The Pulse of Change survey, which polled 3,650 C-suite leaders across 20 industries and 20 countries between November and December 2025, found that 90% of insurance executives intend to invest more in AI this year. The research included responses from 218 senior insurance executives.
Most leaders view AI primarily as a revenue driver rather than a cost-cutting tool, with 85% seeing greater benefits for growth than for cost reduction.
However, the research identified a significant obstacle to realising AI’s potential value. A quarter of executives cited skilled talent shortages as the main factor limiting their ability to extract value from AI, matching concerns about poor integration between AI initiatives and core business strategy, at 24%.
Despite these challenges, only 24% of organisations have embedded continuous learning programmes related to AI, and fewer than one in 10 - just 5% - are redesigning job roles to support AI adoption.
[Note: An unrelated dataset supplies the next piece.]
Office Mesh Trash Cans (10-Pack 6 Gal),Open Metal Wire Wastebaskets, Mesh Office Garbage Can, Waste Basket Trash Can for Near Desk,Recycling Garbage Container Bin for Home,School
The survey suggests AI is moving beyond the experimental phase, with 34% of insurance organisations now actively deploying AI agents across multiple functions. Almost one-third of insurance C-suite leaders use generative AI tools daily, while 57% use them at least once a week.
In addition, 29% of businesses are redesigning end-to-end processes with AI at the core.
Insurance executives expressed confidence even amid concerns about a potential AI bubble. If such a bubble were to burst, 47% said they would increase their AI investments and 37% said they would increase hiring.
“It’s clear that insurance leaders are confident in AI’s capacity to drive significant growth, and as such, they are decisively increasing investments, despite ROI uncertainty,” said Khalid Lahraoui, Accenture’s insurance industry group lead.
Two-thirds of executives are prioritising investments in AI and digital technologies to address accelerating change. While 67% said they feel prepared for technological disruption, they expressed less confidence about environmental disruption, at 39%, and geopolitical disruption, at 44%.
Despite 84% expecting more change in 2026 than in 2025, optimism remains high, with 78% anticipating faster revenue growth and 82% planning to hire more people.